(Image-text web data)
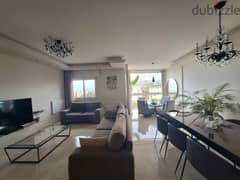 Apartment For Sale In Fanar 0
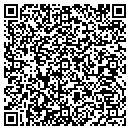 QR code with SOLANOHOMEFINDERS.COM contacts
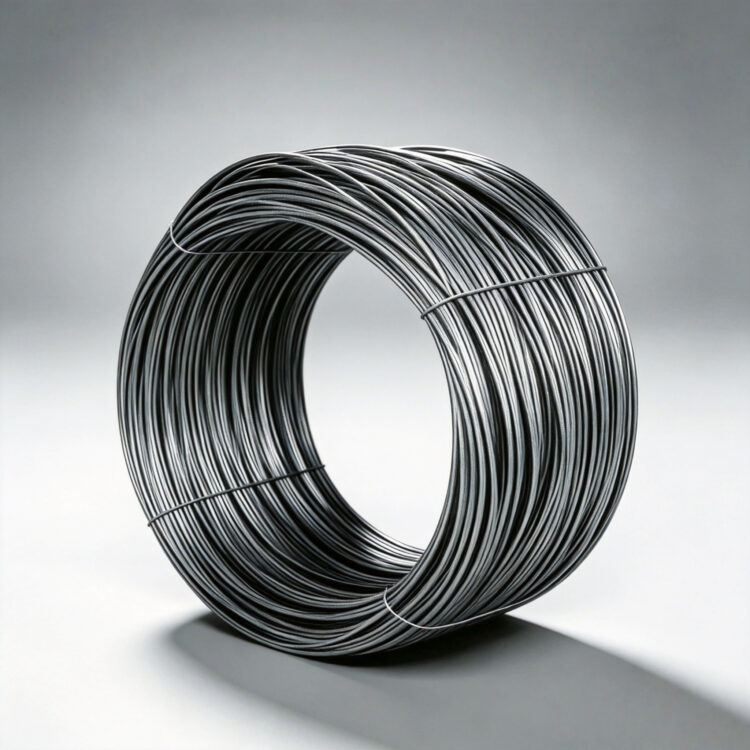 1792339243 Welding Wire Rod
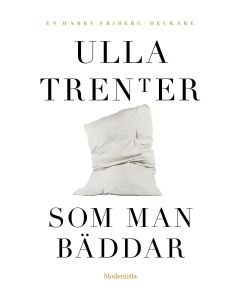 Som man bäddar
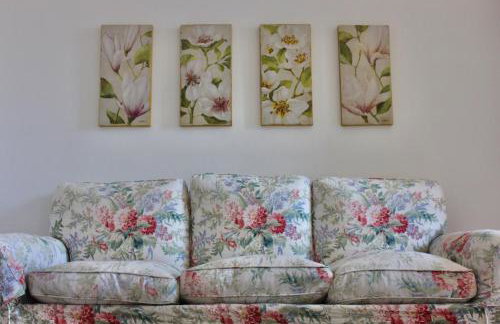 Beautiful apartment on Lake Como - Private Parking - Foto 5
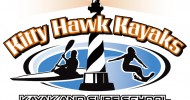 Kitty Hawk Kayak and Surf Camp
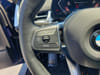 24 thumbnail image of  2023 BMW X1 xDrive28i xDrive28i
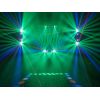 EUROLITE LED Multi FX Laser Bar - Laser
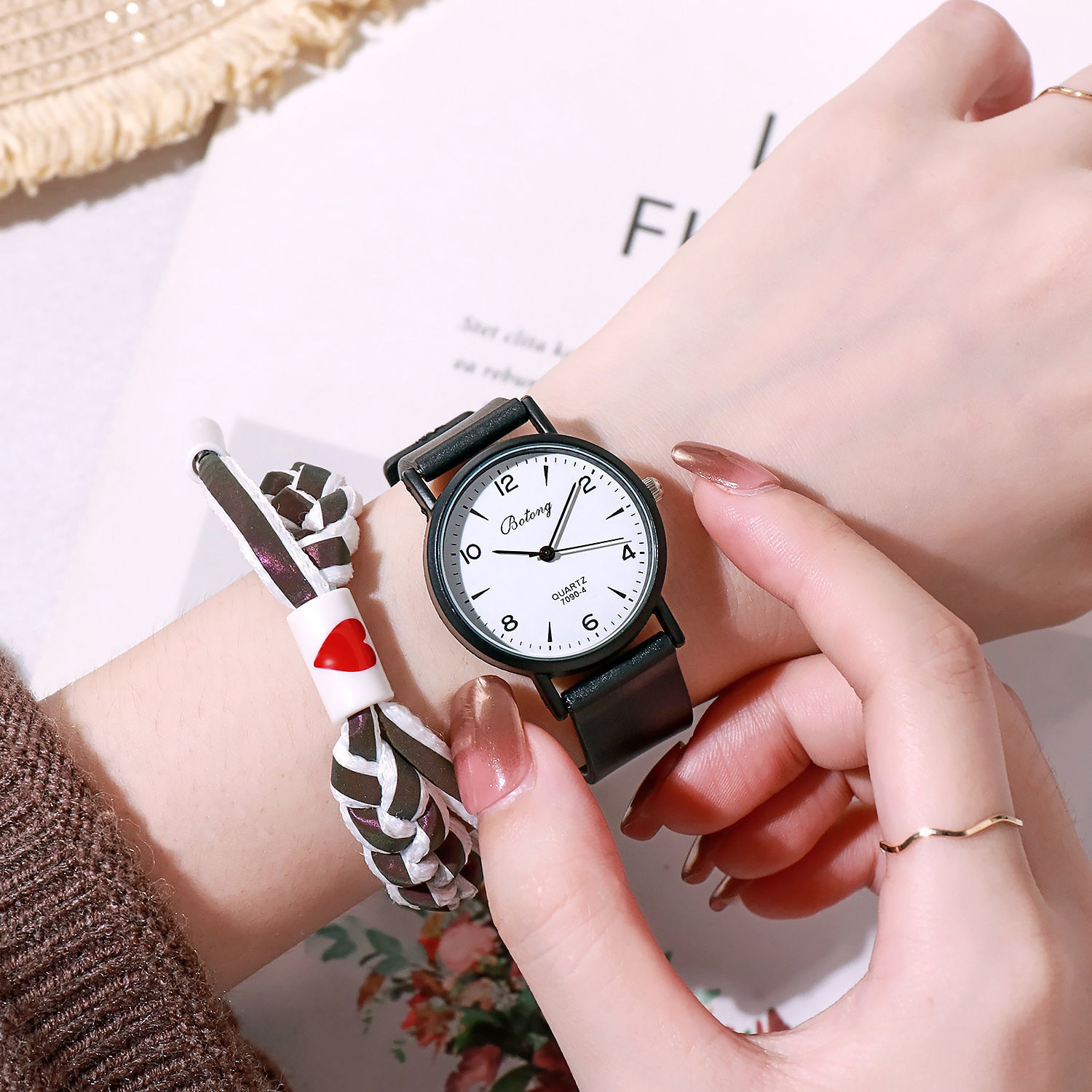 QQ图片20210202174346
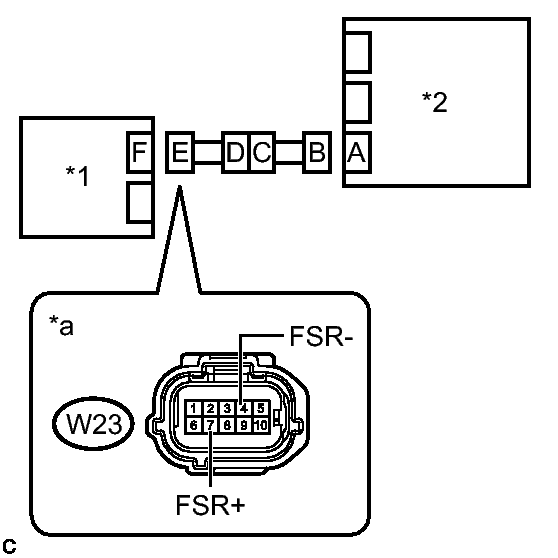 GTY402350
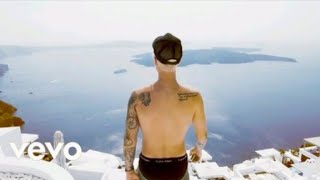 Download Lagu Dj Snake ft. Justin Bieber - Let Me Love You (Official Video) MP3 Download Lagu Dj Snake ft. Justin Bieber - Let Me Love You (Official Video) MP3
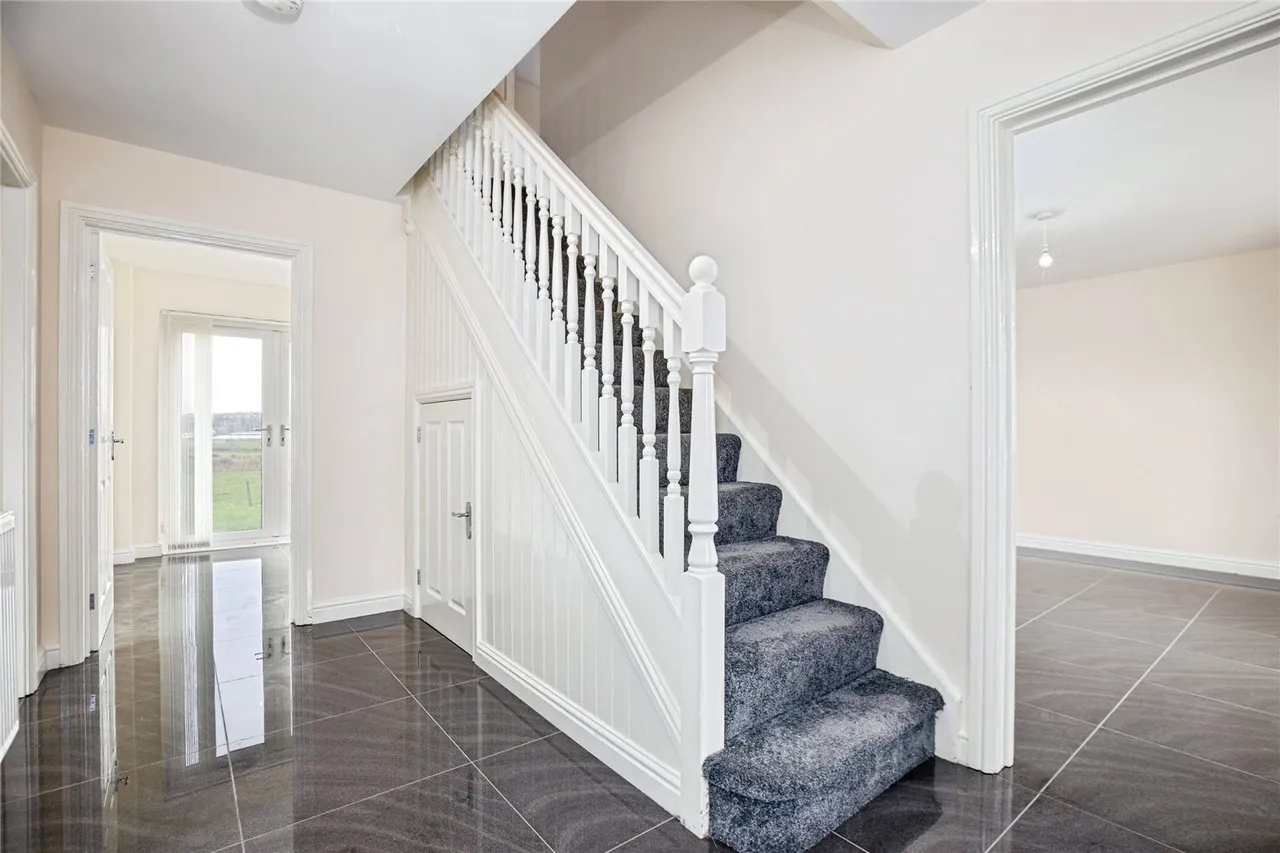 Bowls Road, Blaenporth, SA43, photo 14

_Problem details_: The copy you return must match the records above exactly, minus any images.

_Your solution_:
 Apartment For Sale In Fanar 0
 QR code with SOLANOHOMEFINDERS.COM contacts
 1792339243 Welding Wire Rod
 Som man bäddar
 Beautiful apartment on Lake Como - Private Parking - Foto 5
 Kitty Hawk Kayak and Surf Camp
 24 thumbnail image of  2023 BMW X1 xDrive28i xDrive28i
 EUROLITE LED Multi FX Laser Bar - Laser
 QQ图片20210202174346
 GTY402350
 Download Lagu Dj Snake ft. Justin Bieber - Let Me Love You (Official Video) MP3 Download Lagu Dj Snake ft. Justin Bieber - Let Me Love You (Official Video) MP3
 Bowls Road, Blaenporth, SA43, photo 14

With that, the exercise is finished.